GRCS hosts workshops on managing delirium
Tuesday, June 4th, 2013Gippsland Regional Clinical School has hosted the first of a five-day series of workshops as part of an interprofessional program on managing delirious patients.
The workshops include medical students and nursing students and are designed to teach people from different health professions to work together to improve the care of patients.
In this case, the workshops focus on patients with delirium, using case studies and opportunities to practice on a patient actor who is simulating a delirious episode. Managing patients when they are in a state of delirium – which can often include agitated, confused and even aggressive behaviour – can be very difficult.
In years gone by such patients may have been strapped down or sedated but these often caused further issues.
The new program promotes methods such as helping patients to orient themselves by explaining where they are, offering them a phone or a clock, and attempting to de-escalate the agitation.
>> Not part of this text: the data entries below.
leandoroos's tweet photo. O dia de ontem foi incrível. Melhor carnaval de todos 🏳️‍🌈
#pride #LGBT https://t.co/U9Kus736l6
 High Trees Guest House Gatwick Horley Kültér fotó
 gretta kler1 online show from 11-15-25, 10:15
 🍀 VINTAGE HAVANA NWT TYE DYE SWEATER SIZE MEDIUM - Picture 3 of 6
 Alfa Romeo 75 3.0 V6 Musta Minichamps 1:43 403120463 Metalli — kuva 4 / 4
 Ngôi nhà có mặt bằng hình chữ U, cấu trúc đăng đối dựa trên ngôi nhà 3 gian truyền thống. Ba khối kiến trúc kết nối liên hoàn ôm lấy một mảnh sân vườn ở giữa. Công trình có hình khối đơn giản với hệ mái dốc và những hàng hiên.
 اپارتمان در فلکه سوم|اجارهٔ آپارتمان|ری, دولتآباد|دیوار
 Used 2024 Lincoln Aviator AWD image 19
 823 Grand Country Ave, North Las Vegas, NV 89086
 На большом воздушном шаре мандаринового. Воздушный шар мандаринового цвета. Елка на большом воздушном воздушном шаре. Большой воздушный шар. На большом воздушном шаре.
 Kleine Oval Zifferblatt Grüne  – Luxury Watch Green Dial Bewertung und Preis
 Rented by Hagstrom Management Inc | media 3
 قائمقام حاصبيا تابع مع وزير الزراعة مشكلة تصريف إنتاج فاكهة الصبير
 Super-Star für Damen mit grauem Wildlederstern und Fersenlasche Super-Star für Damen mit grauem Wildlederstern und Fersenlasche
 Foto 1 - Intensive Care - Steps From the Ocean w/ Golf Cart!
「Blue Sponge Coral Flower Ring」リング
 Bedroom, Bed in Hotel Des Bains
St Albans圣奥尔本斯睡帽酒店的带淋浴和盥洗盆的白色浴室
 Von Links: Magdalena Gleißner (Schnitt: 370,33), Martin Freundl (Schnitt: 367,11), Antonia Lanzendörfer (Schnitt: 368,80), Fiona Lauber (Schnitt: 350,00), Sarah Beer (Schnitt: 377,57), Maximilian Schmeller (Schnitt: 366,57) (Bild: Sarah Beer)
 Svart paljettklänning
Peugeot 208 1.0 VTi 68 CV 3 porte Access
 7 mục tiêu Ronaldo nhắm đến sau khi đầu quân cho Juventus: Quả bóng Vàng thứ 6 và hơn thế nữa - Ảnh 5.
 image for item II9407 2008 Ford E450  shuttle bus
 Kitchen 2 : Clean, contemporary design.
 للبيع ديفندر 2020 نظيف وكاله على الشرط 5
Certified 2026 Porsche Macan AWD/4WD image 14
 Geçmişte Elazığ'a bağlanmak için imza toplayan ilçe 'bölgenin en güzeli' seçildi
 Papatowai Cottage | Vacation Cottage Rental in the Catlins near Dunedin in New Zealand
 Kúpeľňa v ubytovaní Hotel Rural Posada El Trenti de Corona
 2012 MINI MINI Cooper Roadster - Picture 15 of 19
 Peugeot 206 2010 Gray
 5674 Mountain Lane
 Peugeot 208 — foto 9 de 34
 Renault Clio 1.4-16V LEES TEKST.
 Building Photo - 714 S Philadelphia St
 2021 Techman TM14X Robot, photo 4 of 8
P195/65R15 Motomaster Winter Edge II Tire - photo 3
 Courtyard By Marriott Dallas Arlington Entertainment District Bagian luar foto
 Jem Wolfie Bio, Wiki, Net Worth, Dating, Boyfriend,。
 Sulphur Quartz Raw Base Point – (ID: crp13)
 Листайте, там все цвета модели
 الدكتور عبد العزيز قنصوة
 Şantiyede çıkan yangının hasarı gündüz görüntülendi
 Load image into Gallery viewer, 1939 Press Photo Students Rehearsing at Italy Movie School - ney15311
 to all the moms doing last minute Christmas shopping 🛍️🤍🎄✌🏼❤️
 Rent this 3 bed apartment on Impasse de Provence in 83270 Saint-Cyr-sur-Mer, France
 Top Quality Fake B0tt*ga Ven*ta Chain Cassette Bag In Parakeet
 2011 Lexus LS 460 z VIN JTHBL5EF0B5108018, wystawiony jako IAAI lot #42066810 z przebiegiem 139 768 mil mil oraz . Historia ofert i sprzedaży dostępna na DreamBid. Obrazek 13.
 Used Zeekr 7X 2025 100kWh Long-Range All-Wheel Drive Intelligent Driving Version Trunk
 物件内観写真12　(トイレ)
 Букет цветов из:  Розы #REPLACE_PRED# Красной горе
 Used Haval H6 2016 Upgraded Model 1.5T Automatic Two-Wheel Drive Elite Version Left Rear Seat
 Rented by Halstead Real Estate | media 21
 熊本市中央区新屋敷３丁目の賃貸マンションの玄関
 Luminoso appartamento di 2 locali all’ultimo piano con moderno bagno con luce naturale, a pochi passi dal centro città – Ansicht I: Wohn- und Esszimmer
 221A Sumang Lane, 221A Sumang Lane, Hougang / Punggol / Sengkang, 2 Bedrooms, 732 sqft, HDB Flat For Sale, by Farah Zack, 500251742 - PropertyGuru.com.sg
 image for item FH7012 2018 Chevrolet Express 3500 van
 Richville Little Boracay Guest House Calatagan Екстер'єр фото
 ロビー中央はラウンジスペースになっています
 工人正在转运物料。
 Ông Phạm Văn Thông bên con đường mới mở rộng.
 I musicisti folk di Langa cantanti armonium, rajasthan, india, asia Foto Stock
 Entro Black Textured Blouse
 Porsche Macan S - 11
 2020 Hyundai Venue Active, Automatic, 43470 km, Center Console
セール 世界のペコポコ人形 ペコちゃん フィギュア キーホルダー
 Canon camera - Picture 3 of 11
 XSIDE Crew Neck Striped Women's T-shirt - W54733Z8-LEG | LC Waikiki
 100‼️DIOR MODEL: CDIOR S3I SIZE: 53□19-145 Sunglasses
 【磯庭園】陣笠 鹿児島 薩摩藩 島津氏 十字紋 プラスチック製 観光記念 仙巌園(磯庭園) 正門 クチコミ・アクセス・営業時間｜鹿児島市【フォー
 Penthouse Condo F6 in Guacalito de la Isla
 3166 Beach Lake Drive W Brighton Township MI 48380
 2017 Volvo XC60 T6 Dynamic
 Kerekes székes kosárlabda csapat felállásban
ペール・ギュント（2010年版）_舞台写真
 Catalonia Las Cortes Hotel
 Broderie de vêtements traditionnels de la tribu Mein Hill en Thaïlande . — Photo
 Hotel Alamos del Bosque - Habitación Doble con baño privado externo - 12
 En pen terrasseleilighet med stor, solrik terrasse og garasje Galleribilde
It’s an area of health care in which professionals working together as a team have much better outcomes for the patient.
In the GRCS program, workshops run for about three hours, half in tutorial and half in simulation.
It is the first time GRCS has been involved in the workshops, which also run at Berwick and in Melbourne. The program is based on the PhD studies of Lecturer Debra Kielgaldie and developed by the Head of the School of Nursing and Midwifery Professor Wendy Cross and Director of Geriatric Medicine at Eastern Health Professor Peteris Darzins.